Under apartheid, objects made by African peoples were all placed in ethnographic museums, reflecting the Euro-American hierarchies of culture which apartheid strove to maintain. But while in Europe and the US the acknowledgement of the aesthetic value of African objects allowed them to be appropriated into the category of “art,” under apartheid ideology no such appropriation was possible in the public domain. When contemporary black artists made paintings or sculptures, they were classified in Afrikaans and at official institutions as “Bantoekuns” (Bantu-art) and thus placed on the same footing as the supposedly “primitive” forms of historical African art.

The art-history syllabi of all the Fine Arts Departments in South African “white” universities were, at that time, entirely Eurocentric, with some attention paid to white South African artists working within accepted European modernist modes (Nettleton 2006). In the three years of my undergraduate degree and the subsequent two of Honors courses, I, like most other students in these privileged and exclusively white spaces, had absolutely no formal exposure to any form of indigenous African art. Yet, in that predigital age, there lurked in the periodicals section of the art and architecture library at Wits two issues of African Arts, at which hardly anyone ever looked. These, the issues of 1967 and 1968, were to be my introduction to a world of images, aesthetics and knowledge unavailable elsewhere in Johannesburg, except, surprisingly, the Michaelis Art Library in Johannesburg's Public Library, which had a complete run of volumes from 1967 onwards. Starting an MA (by dissertation) on African art, I took out a personal subscription in 1973, but the Wits library only started subscribing from 1974. Prior to 1977, there were no academics in South Africa who had specialized in this area, so African Arts was to be a fundamental resource for me. That I was in a position of enormous advantage within the wider educational landscape of South Africa, having access to libraries in which these journals were housed and the means to buy my own subscription, was something of which I was constantly aware.

I introduced African art courses at Wits in 1977, first at postgraduate level, but then increasingly as part of the undergraduate curriculum. For many years, Wits was the only South African university with an Art History syllabus that included African art. While we were able to import books for the library, the availability of the many articles based in deep and sustained field-research in the pages of African Arts was to be key to our ability to teach. Some black artists and scholars excluded from our libraries had access to African Arts through the United States Information Service in Johannesburg or through private individuals' libraries.5 The journal's articles provided not only images and information, but also models for methodological approaches for use in our own research.6 But the focus of the journal also endorsed the view that African art was largely confined to sculpture of one kind or another, from west or central Africa, both of which views we quickly came to dispute.

The many African Arts articles that dealt with museum collections were also important in this history. Prior to 1978 there were no collections of artworks from Africa easily available for public viewing in South Africa.7 Through the 1960s and 1970s, one or two collectors acquired canonical pieces of historical African art and organized some exhibitions, many of which were staged at public museums8 not accessible to black viewers.

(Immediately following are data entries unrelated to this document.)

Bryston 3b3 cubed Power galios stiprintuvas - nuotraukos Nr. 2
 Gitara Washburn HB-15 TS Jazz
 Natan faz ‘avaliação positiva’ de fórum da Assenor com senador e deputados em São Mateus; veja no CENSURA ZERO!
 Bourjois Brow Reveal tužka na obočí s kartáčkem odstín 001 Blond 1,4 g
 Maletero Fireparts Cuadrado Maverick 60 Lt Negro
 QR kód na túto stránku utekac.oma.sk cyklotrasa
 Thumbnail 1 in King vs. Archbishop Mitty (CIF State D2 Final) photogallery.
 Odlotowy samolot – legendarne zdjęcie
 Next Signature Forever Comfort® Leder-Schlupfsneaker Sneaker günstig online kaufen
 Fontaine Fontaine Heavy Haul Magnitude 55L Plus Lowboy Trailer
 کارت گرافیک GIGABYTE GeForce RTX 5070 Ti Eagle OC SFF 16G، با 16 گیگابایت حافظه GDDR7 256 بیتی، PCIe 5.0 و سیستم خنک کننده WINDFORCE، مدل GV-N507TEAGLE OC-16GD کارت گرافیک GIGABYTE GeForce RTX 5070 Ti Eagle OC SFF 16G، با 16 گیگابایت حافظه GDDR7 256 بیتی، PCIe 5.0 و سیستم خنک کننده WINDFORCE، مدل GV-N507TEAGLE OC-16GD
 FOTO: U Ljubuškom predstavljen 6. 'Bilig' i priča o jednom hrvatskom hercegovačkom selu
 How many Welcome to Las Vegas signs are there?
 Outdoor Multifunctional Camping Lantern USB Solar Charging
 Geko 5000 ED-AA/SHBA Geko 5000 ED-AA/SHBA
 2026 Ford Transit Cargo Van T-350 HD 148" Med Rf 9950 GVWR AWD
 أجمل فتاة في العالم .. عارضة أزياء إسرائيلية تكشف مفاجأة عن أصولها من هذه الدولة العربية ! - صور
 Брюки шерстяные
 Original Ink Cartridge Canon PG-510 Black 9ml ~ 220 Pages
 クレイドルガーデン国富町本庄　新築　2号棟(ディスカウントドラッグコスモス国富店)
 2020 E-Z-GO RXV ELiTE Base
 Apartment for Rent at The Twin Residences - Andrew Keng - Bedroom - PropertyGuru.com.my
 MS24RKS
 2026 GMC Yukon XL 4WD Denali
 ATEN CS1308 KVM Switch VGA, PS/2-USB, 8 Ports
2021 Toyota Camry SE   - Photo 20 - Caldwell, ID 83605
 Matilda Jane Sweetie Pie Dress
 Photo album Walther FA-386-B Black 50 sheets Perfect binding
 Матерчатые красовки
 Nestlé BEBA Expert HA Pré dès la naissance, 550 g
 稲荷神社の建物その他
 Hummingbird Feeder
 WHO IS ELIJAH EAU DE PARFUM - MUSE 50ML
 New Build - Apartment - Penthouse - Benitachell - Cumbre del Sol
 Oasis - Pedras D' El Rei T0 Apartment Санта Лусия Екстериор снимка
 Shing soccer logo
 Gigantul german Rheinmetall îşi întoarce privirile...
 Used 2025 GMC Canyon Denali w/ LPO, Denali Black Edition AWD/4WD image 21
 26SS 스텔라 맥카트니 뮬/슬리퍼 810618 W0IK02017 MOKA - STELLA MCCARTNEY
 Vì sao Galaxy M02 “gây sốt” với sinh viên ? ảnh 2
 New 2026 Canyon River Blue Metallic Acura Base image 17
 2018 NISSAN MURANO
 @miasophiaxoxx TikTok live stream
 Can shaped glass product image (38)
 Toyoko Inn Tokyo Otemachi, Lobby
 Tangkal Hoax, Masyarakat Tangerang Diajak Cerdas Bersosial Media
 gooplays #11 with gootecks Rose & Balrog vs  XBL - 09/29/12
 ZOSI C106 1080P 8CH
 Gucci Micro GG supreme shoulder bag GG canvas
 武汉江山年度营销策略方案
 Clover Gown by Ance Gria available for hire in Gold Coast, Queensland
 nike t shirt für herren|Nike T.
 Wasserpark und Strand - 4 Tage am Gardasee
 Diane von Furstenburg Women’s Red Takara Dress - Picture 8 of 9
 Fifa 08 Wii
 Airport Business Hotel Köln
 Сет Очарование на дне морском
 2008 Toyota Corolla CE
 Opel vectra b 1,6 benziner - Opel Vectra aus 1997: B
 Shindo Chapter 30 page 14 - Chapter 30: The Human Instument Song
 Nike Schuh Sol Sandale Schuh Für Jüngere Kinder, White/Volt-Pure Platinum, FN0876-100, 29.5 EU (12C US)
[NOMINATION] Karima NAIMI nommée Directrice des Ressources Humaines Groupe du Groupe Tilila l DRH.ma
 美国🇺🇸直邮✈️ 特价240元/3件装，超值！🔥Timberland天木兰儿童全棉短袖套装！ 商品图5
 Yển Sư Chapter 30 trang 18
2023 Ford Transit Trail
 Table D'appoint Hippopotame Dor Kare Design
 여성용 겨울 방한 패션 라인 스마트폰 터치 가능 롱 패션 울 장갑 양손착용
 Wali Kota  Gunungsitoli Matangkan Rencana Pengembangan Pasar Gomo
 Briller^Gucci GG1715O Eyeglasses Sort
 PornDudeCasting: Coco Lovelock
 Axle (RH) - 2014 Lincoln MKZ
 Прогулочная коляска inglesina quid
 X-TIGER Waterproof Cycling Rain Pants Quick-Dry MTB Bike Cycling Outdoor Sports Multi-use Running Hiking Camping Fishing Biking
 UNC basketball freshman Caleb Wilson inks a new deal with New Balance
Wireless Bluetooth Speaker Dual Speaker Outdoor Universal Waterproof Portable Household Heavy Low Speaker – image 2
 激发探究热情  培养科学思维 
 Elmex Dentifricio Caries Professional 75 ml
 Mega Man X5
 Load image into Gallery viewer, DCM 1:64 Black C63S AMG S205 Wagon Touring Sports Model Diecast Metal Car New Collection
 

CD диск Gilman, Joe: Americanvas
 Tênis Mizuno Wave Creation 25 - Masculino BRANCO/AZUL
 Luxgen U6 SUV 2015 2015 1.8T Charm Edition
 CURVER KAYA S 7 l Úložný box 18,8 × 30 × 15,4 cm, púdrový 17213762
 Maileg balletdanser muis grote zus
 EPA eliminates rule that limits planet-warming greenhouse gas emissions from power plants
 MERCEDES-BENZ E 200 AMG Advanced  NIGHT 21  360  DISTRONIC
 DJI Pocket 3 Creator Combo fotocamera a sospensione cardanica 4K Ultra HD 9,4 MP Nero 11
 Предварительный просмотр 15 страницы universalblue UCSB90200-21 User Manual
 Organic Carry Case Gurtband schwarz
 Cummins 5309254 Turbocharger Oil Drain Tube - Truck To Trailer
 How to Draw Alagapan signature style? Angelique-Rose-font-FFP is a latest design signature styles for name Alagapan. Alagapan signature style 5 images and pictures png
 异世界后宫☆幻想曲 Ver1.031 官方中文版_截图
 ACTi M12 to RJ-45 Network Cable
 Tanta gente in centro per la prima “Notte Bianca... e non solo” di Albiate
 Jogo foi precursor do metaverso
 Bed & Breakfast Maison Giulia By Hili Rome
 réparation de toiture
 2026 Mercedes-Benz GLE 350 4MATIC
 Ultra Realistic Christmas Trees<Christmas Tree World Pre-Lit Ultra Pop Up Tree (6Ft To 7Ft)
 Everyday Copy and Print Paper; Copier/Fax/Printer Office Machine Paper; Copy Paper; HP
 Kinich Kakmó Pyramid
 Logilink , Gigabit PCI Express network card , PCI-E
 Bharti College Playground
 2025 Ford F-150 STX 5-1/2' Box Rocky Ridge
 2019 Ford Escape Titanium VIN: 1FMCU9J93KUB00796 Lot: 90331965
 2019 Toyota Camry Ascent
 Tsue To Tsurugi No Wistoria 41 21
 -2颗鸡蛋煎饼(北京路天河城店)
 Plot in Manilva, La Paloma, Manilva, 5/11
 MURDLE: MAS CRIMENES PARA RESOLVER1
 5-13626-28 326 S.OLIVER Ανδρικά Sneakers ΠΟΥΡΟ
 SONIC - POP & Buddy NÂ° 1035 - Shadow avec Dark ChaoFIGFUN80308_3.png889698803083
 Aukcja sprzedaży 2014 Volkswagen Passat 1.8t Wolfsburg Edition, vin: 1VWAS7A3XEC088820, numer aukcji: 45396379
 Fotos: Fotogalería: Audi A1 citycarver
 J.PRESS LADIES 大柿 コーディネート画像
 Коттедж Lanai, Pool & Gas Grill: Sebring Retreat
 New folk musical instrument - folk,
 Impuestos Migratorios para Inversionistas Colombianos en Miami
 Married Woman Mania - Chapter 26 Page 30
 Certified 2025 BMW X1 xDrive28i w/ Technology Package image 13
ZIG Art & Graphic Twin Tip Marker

Collections of South African historical African art were confined to ethnological museums across the country and were never displayed as “art,” because “art” in official apartheid thinking was something made by Europeans (Nettleton 1989). One of these museums was housed in the Anthropology Department of Wits and in its vitrines and stores was hidden William Burton's collection of Luba and Songye materials from the 1930s, alongside many other treasures (Leibhammer and Rankin-Smith 1992). As the “authentic” pieces advertised for sale in African Arts were from west and central Africa, the Burton collection was to provide us with an “authentic” base. But this categorical exclusivity also prompted us to value, collect, and display objects made by South African makers in the same space and to the same degree as contemporary works classed as “art” within the western episteme. The Wits Art Museum, funded by the Standard Bank of South Africa, not only established a collection of historical African art, but also expanded an understanding of what of “African art” comprised through the inclusion of beadwork, cloth, ceramics, and contemporary arts (Nettleton 2008, 2009).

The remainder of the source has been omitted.